The most effective source of current for the WRC is the AC network, which allows not only increasing the efficiency and reliability of the main power plant, but also using asynchronous motors to drive a screw, equipped with a short-circuited rotor and not requiring maintenance during operation. In order to improve the starting quality of an asynchronous drive, quite often, deep-phase and two-cell rotors of special performance are used. The screw speed in systems called Azipod can be adjusted using thyristor frequency converters. The use of the WRC in practice significantly increases the maneuverability of ships and allows even quite large of them to do in the port without assistance from the tugs. In addition, the lack of propeller shafts increases the useful volume in the hull.
It is known that the electric propulsion systems were used on the Russian weapons transport Akademik Kovalev, which was built at the Zvezdochka CS in Severodvinsk and accepted into the fleet in December 2015 of the year. A special feature of the 20180TV project ship, created by the Almaz Center for Metallurgic Design Bureau, was its propulsion system: the ship’s diesel generators generate electricity, which powers the electric motors in the orientable spin-and-turn steering complexes. Due to the presence on the ship of the WRC, this transport of armaments is characterized by increased maneuverability, it can hold a predetermined course with significant sea disturbances and successfully accomplish the tasks assigned to it by the command of the Navy. Currently, the Zvezdochka CS is building a second ship under the same project.
Experts believe that underwater and surface ships with electric propulsion, the most common today, in the future will only be improved, especially given the increasing use of propeller-steering systems. At the same time, in the future, electric propulsion on the ships of the Navy in all countries of the world will become more and more widespread.
Information sources:
https://tvzvezda.ru/news/opk/content/201706150803-999y.htm
http://bmpd.livejournal.com/2443028.html
http://www.arms-expo.ru/news/perspektivnye_razrabotki/tskb_rubin_litievye_batarei_dlya_podlodok_proshli_ispytaniya
Tseluyko IG. The development of the electrical movement of military fleets in the world // Young Scientist. - 2012. - №4. - S. 54-57.
Armament systems built on new physical principles can be called, in particular, promising complexes that use an electromagnetic pulse to temporarily or even permanently disable radar, radio and digital systems, computers of enemy ships. In addition, it is possible to use the electric power of the ship to launch and accelerate the projectile (railgun). Do not just forget that all such systems require very large reserves of electrical energy on board the ship, as well as the possibility of restoring it or maintaining it at the required level without a ship entering the base.
Nowadays, electric motors are used on warships and as part of the main power plant, and as an auxiliary propulsion unit. Since modern engines are high-speed, it is necessary to place a reduction gear between them and the propeller, power losses in it can reach 2%. In the case of an electrical system, it is necessary to use frequency converters and generators with a total efficiency of less than 90%. This is lower than that of the “purely mechanical” system (for example, a gas turbine and the main turbo-gear unit). Therefore, in economic terms, the electromotive is unprofitable.

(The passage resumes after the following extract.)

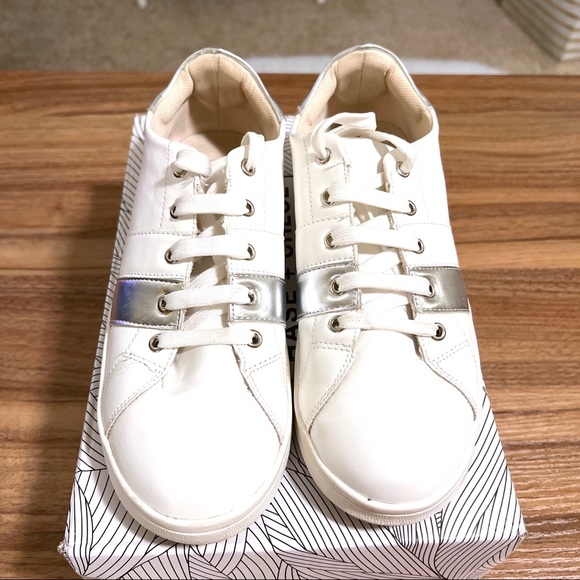 3/$20 🌸 Chase and Chloe white and silver Yaya sneakers, Size 8 - Picture 2 of 8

At the time, the invention of the propeller electric motor gave a rather sharp leap to the entire development of underwater shipbuilding, while in relation to surface combat ships it solves only auxiliary tasks. Despite this, enthusiasts of wider application on navy "Electromagnetic forces" do not disappear anywhere. In an effort to warm up interest in this topic, they introduce new terms, for example, "the expanded use of electric motion." It is possible to realize full electric movement only when the propeller (or other mover) in all modes of movement of the ship is driven only by an electric motor. In the event that there are mechanical sources of energy on board the vessel (turbine, diesel engine, etc.) that have the ability to rotate the propeller shaft (most often at high speeds), then we can talk about “direct drive with an auxiliary electric motor”, or "Partial electric movement."
“Full electromotive motion”, which is based on the conversion of mechanical energy into electrical energy, and then again into mechanical energy, reduces the overall efficiency. This must be taken into account and shipbuilders, and naval sailors. It seems that the expected appearance of electromagnetic guns (on frigates, corvettes and destroyers) and catapults (on aircraft carriers) will make some of the energy losses that occur when it is converted from one type to another, justified and possible.
Lithium-ion submarine batteries
In connection with the general trend of increasing energy consumption by a variety of ship systems (including radar, BIUS, GAK and others), designers need to be more careful in their approach to the generation and conservation of electricity. In this regard, the advanced scientific and technical countries of the world are quite actively working on the creation of high-capacity lithium-ion batteries. There are successes in this area and in Russia.
It is worth noting that the lithium-ion battery itself (Li-ion) was first released by Sony back in the 1991 year, but for a long time these batteries were used only in the civilian sphere. This type of battery today is very widespread in all household appliances and electronics, finding also application as an energy storage device in various energy systems, and as an energy source in electric vehicles. Today it is the most popular type of battery for devices such as laptops, mobile phones, digital video cameras and cameras, as well as electric cars. Lithium-ion batteries have proven themselves very well in the work, but until recently they have not been used in the fleet. Despite the fact that these batteries have a number of important advantages over classic acid batteries, including the ability to withstand increased discharge and charging currents, increased capacity, longer life cycle, lower costs during operation, etc.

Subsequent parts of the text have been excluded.